The dream, of course, is to make it as easy for customers to pay their healthcare bills as it is to pay any other bill they get nowadays. Alas, it’s only a reverie at this point, not a reality.

The panel discussion was part of the 39th World Hospital Congress conducted by the International Hospital Federation in Chicago.  After the panel cited the litany of problems, the director of the conference and executive director of the IHF, Eric de Roodenbeke, was asked to make some comments in reaction.

While de Roodenbeke termed the discussion very interesting, he said, smiling, “This is not a problem we have in France.” There, under a single-payer system, there’s more standardization, and fewer problems, less administrative hassle and more success.

That did little for my morale. Providers wanting to improve service to customers are struggling. Vendors trying to offer service to consolidate provider prices into one bill or facilitate payments are frustrated by customized ANSI transaction standards and much, much more.

Without transparent pricing, consumers never know what they’re paying for healthcare. Without explainable prices and absent the ability to get bills to patients quickly, providers are less likely to get paid in a timely manner. That’s a killer when providers are seeing margins shrink. While providers are doing a better job of informing patients of their obligation upfront, they struggle to receive payments any faster than they did five years ago.

In a world where consumers can buy things with one click on any Internet site, consumers are left holding the responsibility to manage the confusing world of medical bills coming from multiple providers (some of which they may not even be aware of).

One of the panelists shared this advice for patients, provided by a major hospital system on its website:

“You may receive separate bills for hospital and physician services.

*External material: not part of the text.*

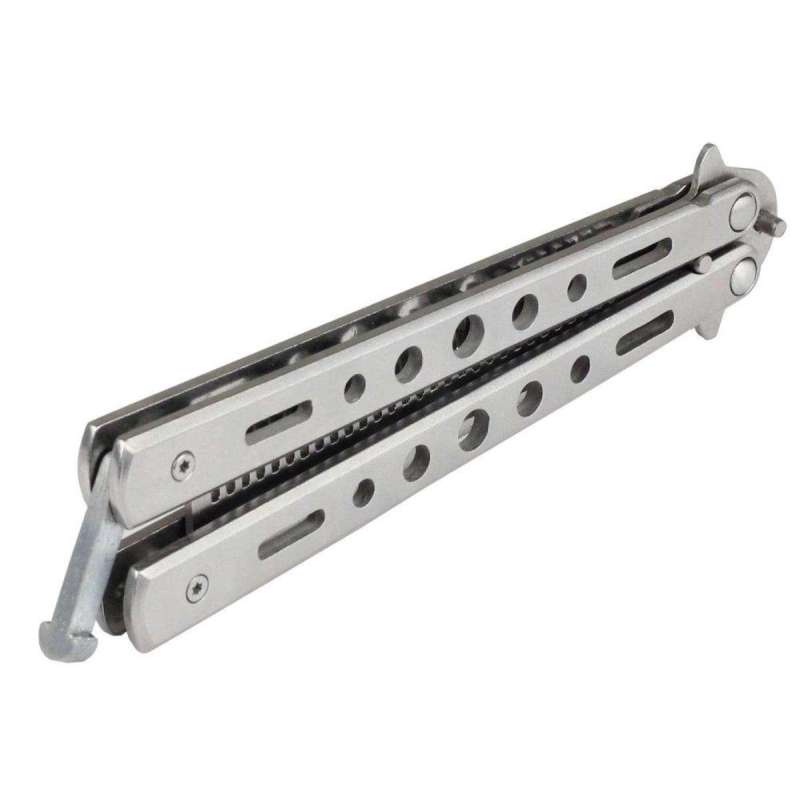 iremax BF16 Balisong มีดบาลิซอง มีดควง มีดซ้อม มีดผีเสื้อ ปลายหวี สีเงิน.
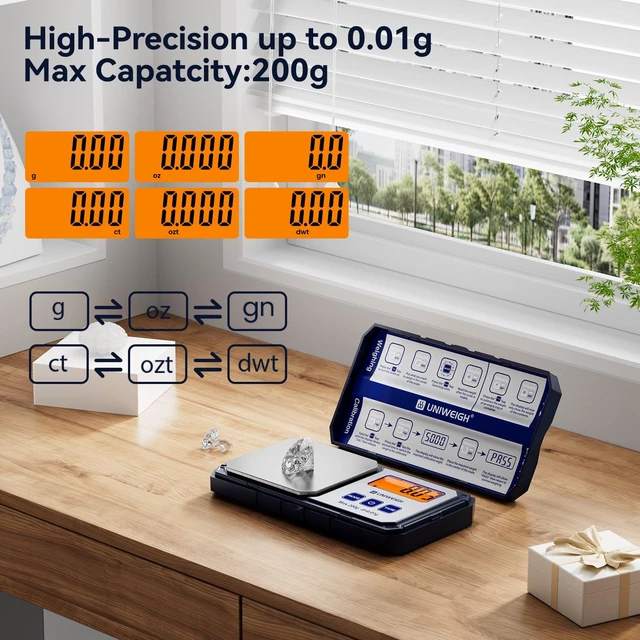 Alt view image 2 of 7 - Digital Pocket Gram Scale 200g/0.01g Accuracy | Small Scales Grams Ounces with 6 Units,Jewelry scale,Coin Scale with 50g Weights for Food/Coins/Gold/Powder,LCD/Tare Function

Sometimes it comes as a surprise after paying the hospital bill to receive additional invoices. We know that keeping track of multiple bills in the midst of an illness is an added challenge. Before your stay or procedure, it may help to create a master list with the estimated costs for your medical treatment, breaking down the costs by category such as hospital, surgeon, anesthesiologist, outside lab work and other relevant areas. Then as the invoices come in, keep copies in a folder and refer to your master list to see which bills are outstanding and quickly check for remaining financial obligations. Don’t be shy: Ask your primary care physician’s office or our customer service department for help understanding all the expected charges and their sources.”

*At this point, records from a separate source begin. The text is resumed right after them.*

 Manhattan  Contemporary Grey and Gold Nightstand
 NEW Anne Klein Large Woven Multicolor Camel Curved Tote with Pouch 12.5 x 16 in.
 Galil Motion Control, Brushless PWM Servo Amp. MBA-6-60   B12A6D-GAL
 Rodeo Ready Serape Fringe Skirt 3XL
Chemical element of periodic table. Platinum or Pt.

That, in microcosm, describes the challenge before healthcare – this confusing world of pricing and billing should not fall back on the patient to create master lists to avoid being surprised about all types of bills coming from everywhere. Information systems need to get better; standardized transactions need to be truly standardized to enable interoperability; billing needs to be streamlined, understandable and crystal clear, with no patient left guessing about prices.

As the patient advice above was being read, I imagined my 91-year-old mother trying to use that approach to manage her healthcare costs—or me trying to help her. For the good of its patients, for the good of patients’ families, for the survival of healthcare organizations, it’s a moral imperative for healthcare to simplify pricing and billing. Without simplification, providers shouldn’t be surprised that cash flow consequences will result.